**Your task**
Exact reproduction, images excluded: write out the records below.

---- Dataset records

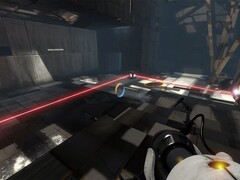 Portal 2 на Nintendo Switch 2. (Источник изображения: Nintendo Store)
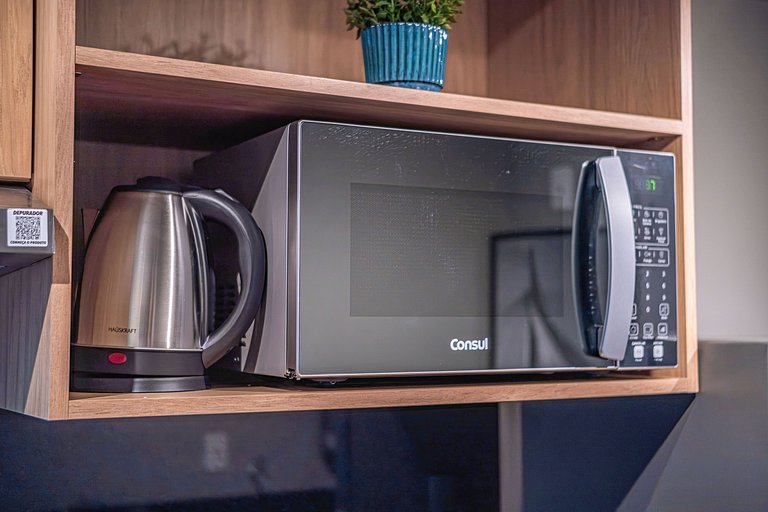 Anystay apartament Luxury V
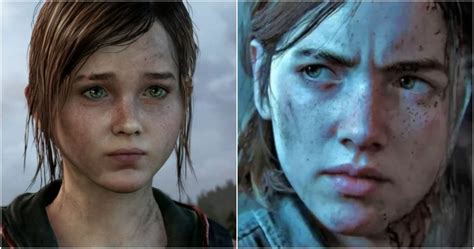 Were there more immune people like Ellie?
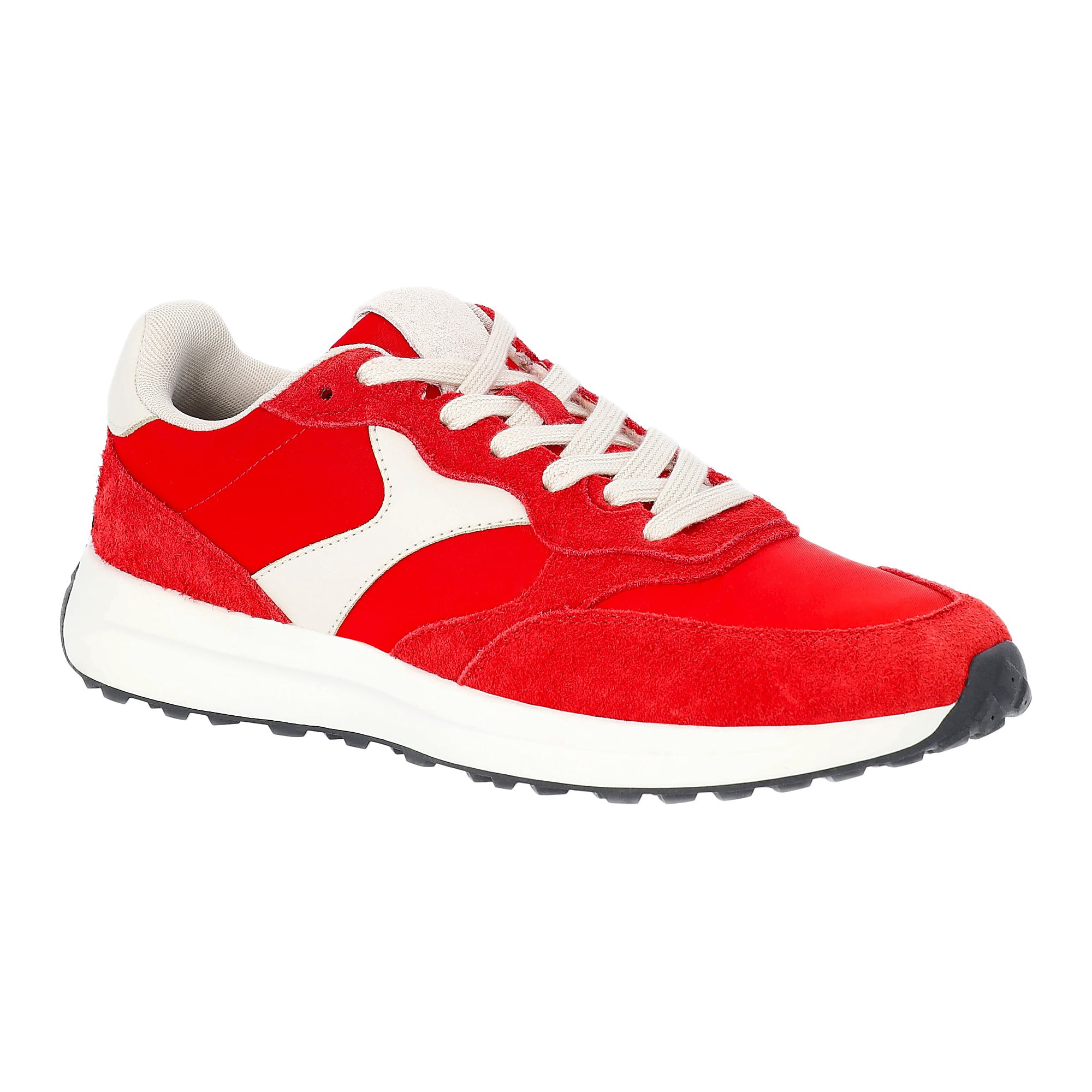 No Boundaries Men's Retro Jogger Sneakers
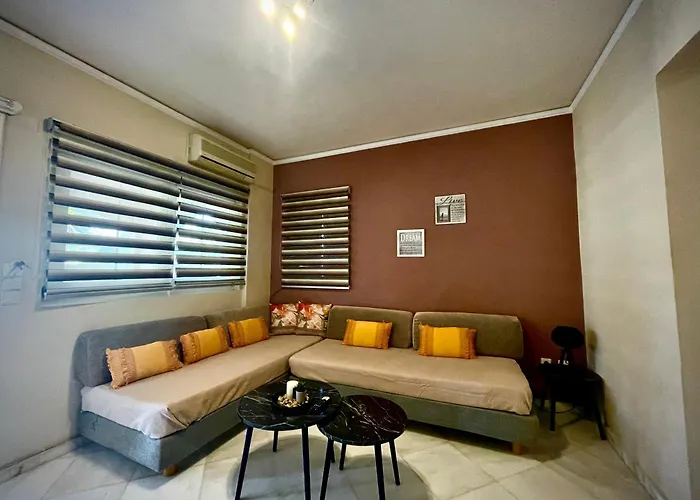 Ira Apartments
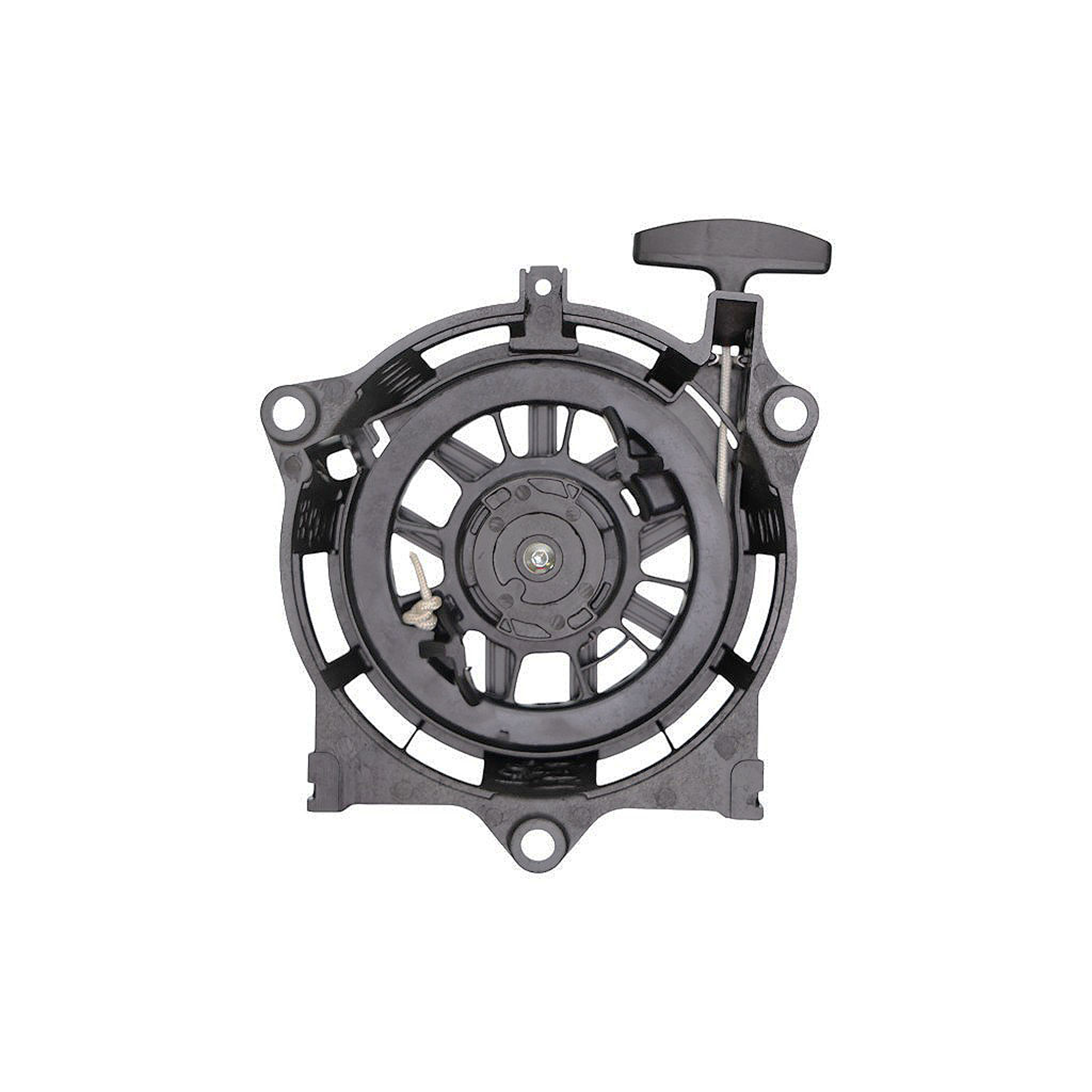 Kompletní startér pro motory Honda GCV135 GCV160 GCV190 (OEM 28400-Z0M-801 28400-Z1A-013ZA 28400Z1A013ZA)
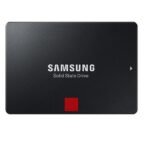 Refurbished | Samsung 860 PRO MZ-76P1T0 SSD 1 TB SATA 6Gb/s Refurbished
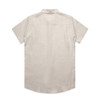 linen-s/s-shirt-natural-back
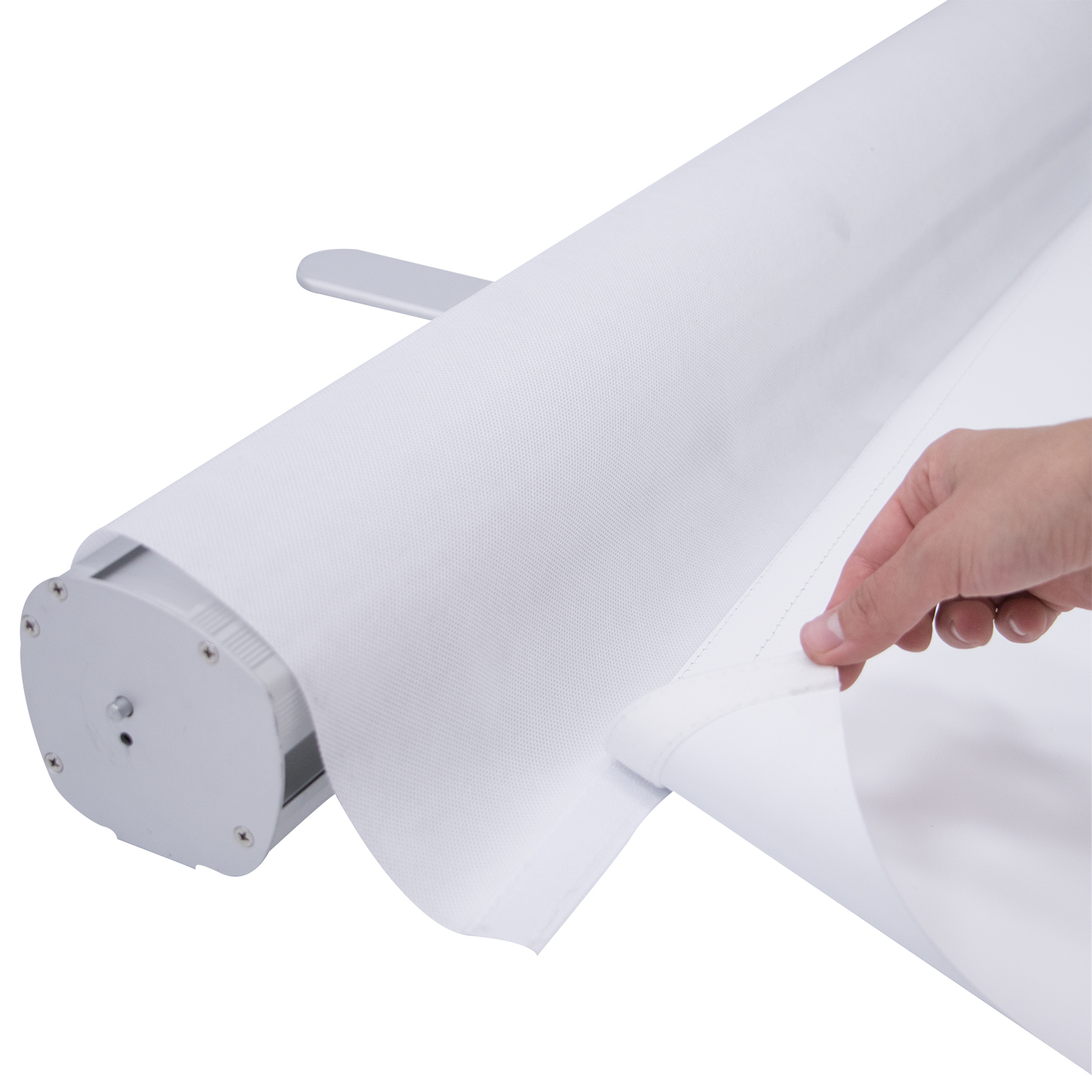 31.5 Economy Plus Retractor Hardware 12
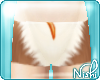 [Nish] Caramel M Shorts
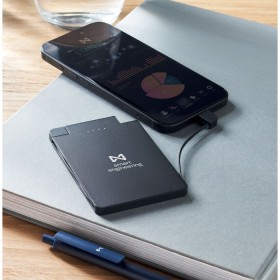 Powerbank magnétique 2500 mAh 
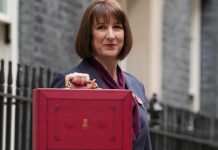 英国住房贷款批准量创新高!海湾贸易协议“即将达成”!首相财相成史上最差“组合”!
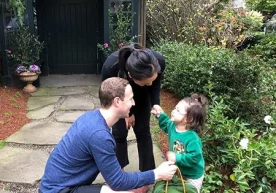 Куни кеча Марк Цукерберг Инстаграм ижтимоий тармоғи орқали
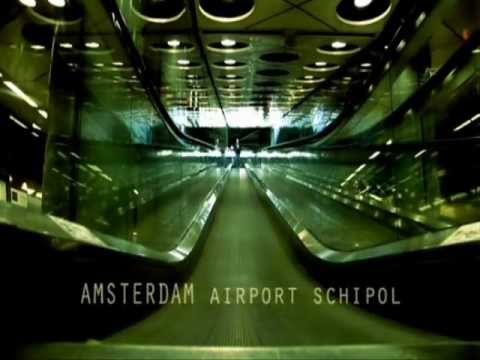 Bass Weight Dubstep Documentary - Deep Medi Party Amsterdam Clip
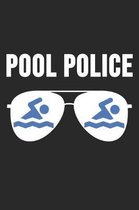 Pool Police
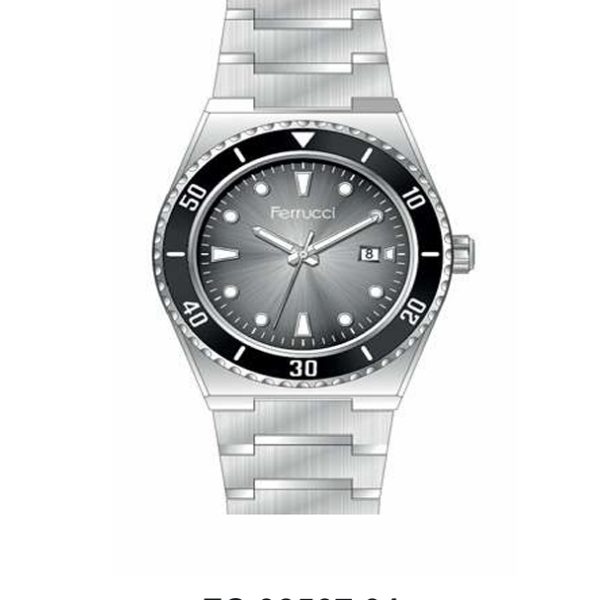 ساعت مچی مردانه فروچی مدل:FC 03507.01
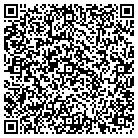 QR code with J & L Life Cycle Investment contacts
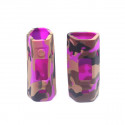 Housse en silicone Reuleaux RX2/3 (motifs camouflage)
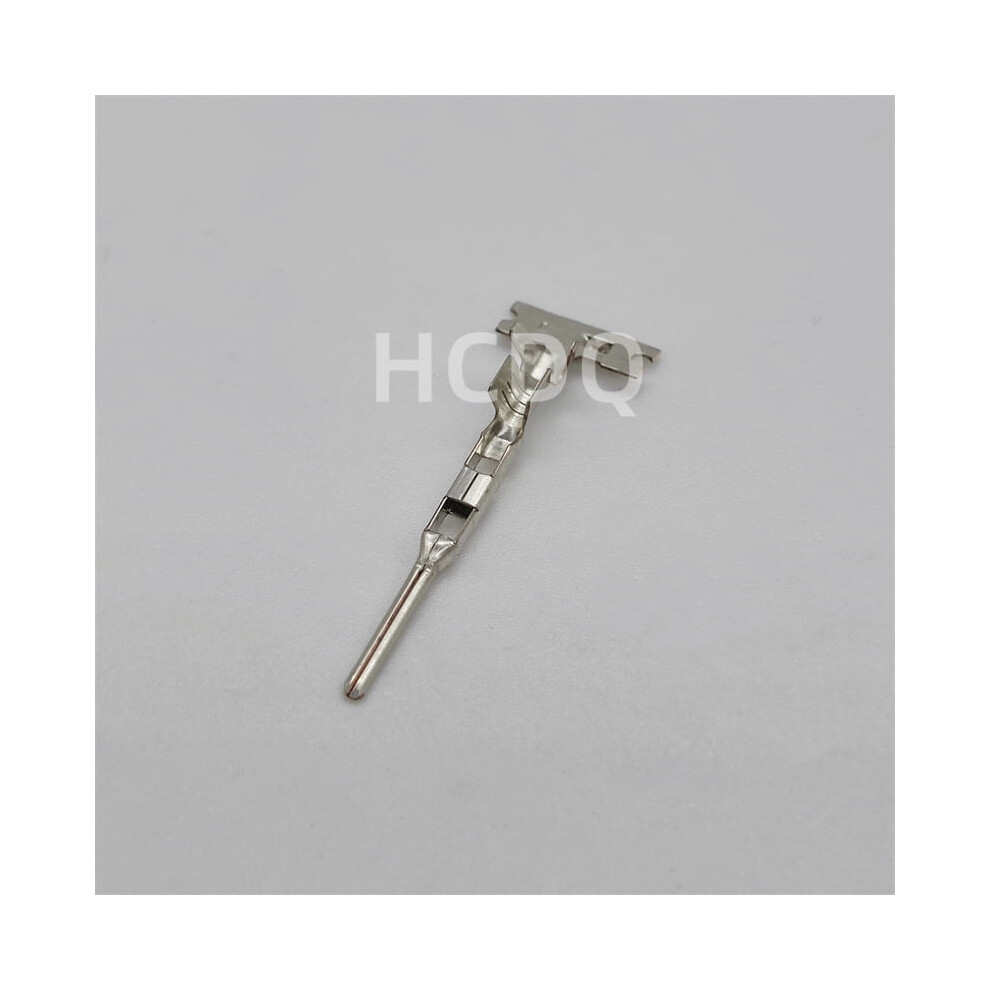 Automobile Connector Terminal Pin Copper 100 Pcs 913211218754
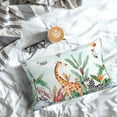 thumbnail image 3 of Salouo Animals-1 Pattern Pillow Cases,1PC Pillow Covers with Envelope Closure Decorative Pillow Case for Bed Couch,Pillows Not Included-16"x24", 3 of 6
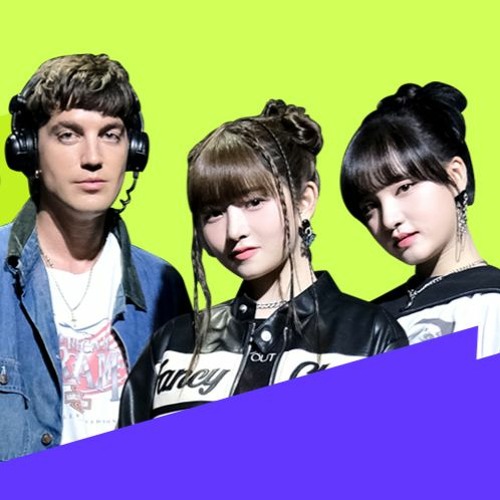 LIZ (리즈), REI (레이) X LANY - After LIKE (Kollabo Project)(IVE (아이브))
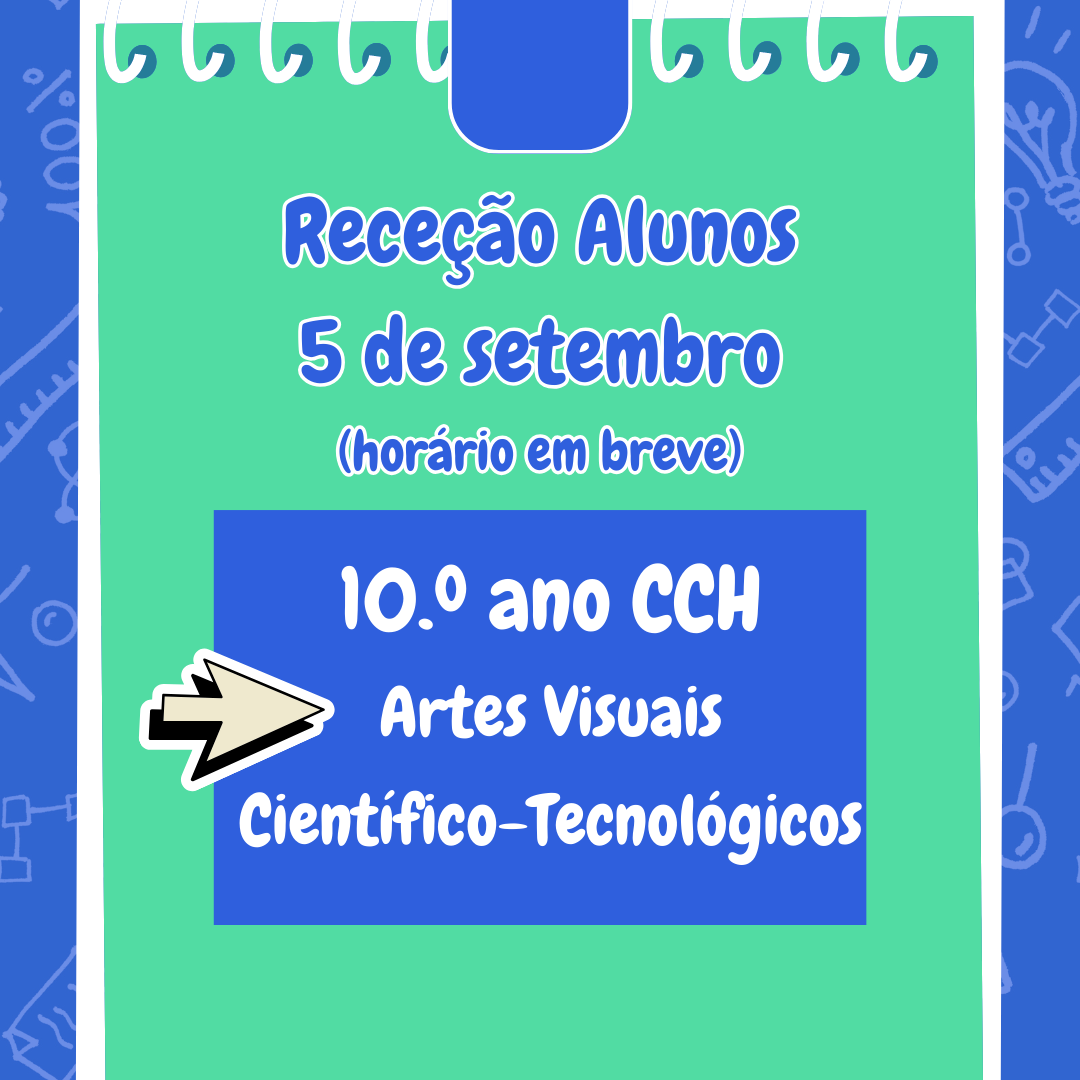 rececao CCH set2025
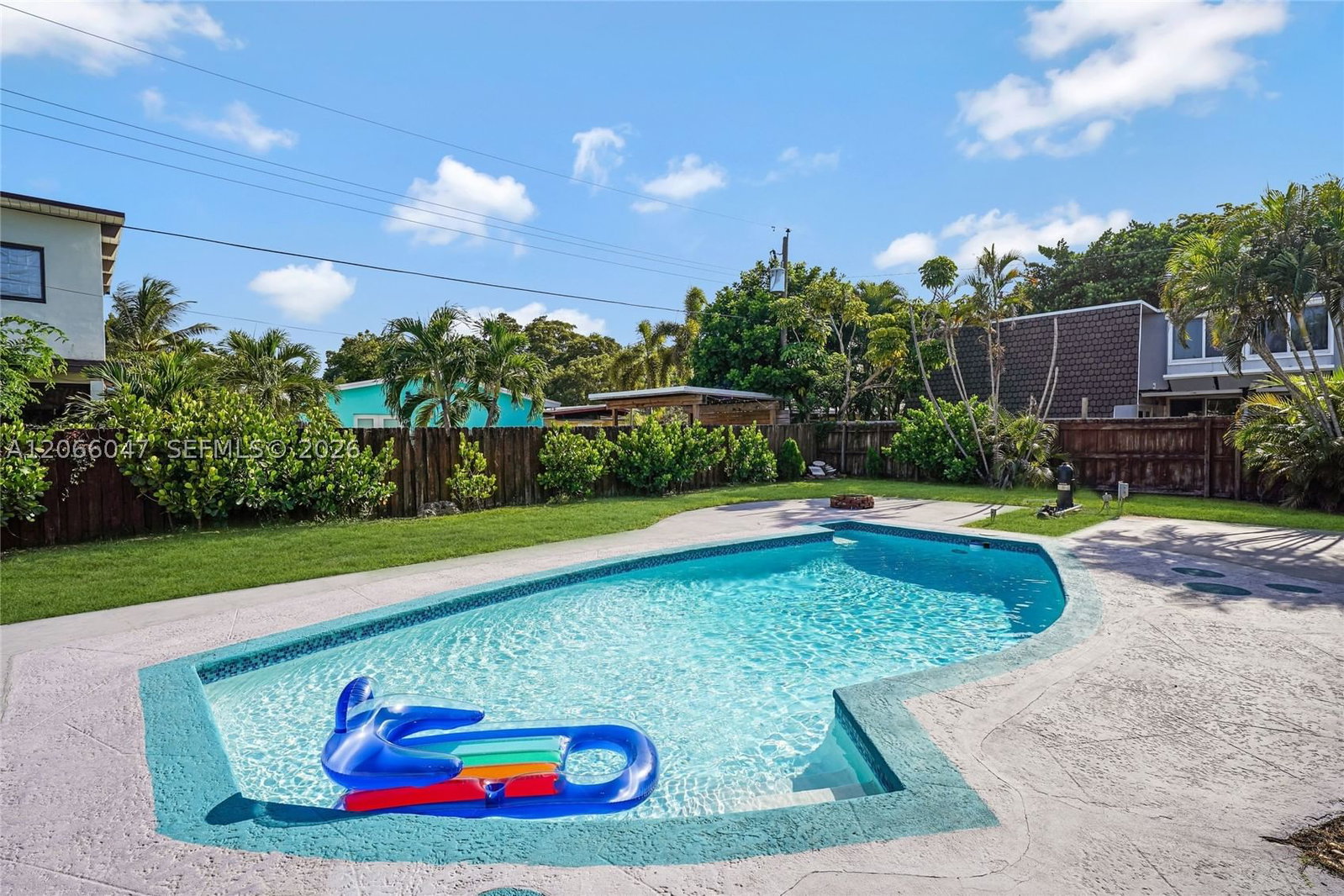 Real estate property located at 912 9th Ct, Broward, Pine Crest Amended Plat, Pompano Beach, FL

--------

**Answer section**
 Portal 2 на Nintendo Switch 2. (Источник изображения: Nintendo Store)
 Anystay apartament Luxury V
 Were there more immune people like Ellie?
 No Boundaries Men's Retro Jogger Sneakers
 Ira Apartments
 Kompletní startér pro motory Honda GCV135 GCV160 GCV190 (OEM 28400-Z0M-801 28400-Z1A-013ZA 28400Z1A013ZA)
 Refurbished | Samsung 860 PRO MZ-76P1T0 SSD 1 TB SATA 6Gb/s Refurbished
 linen-s/s-shirt-natural-back
 31.5 Economy Plus Retractor Hardware 12
 [Nish] Caramel M Shorts
 Powerbank magnétique 2500 mAh 
 英国住房贷款批准量创新高!海湾贸易协议“即将达成”!首相财相成史上最差“组合”!
 Куни кеча Марк Цукерберг Инстаграм ижтимоий тармоғи орқали
 Bass Weight Dubstep Documentary - Deep Medi Party Amsterdam Clip
 Pool Police
 ساعت مچی مردانه فروچی مدل:FC 03507.01
 QR code with J & L Life Cycle Investment contacts
 Housse en silicone Reuleaux RX2/3 (motifs camouflage)
 Automobile Connector Terminal Pin Copper 100 Pcs 913211218754
 thumbnail image 3 of Salouo Animals-1 Pattern Pillow Cases,1PC Pillow Covers with Envelope Closure Decorative Pillow Case for Bed Couch,Pillows Not Included-16"x24", 3 of 6
 LIZ (리즈), REI (레이) X LANY - After LIKE (Kollabo Project)(IVE (아이브))
 rececao CCH set2025
 Real estate property located at 912 9th Ct, Broward, Pine Crest Amended Plat, Pompano Beach, FL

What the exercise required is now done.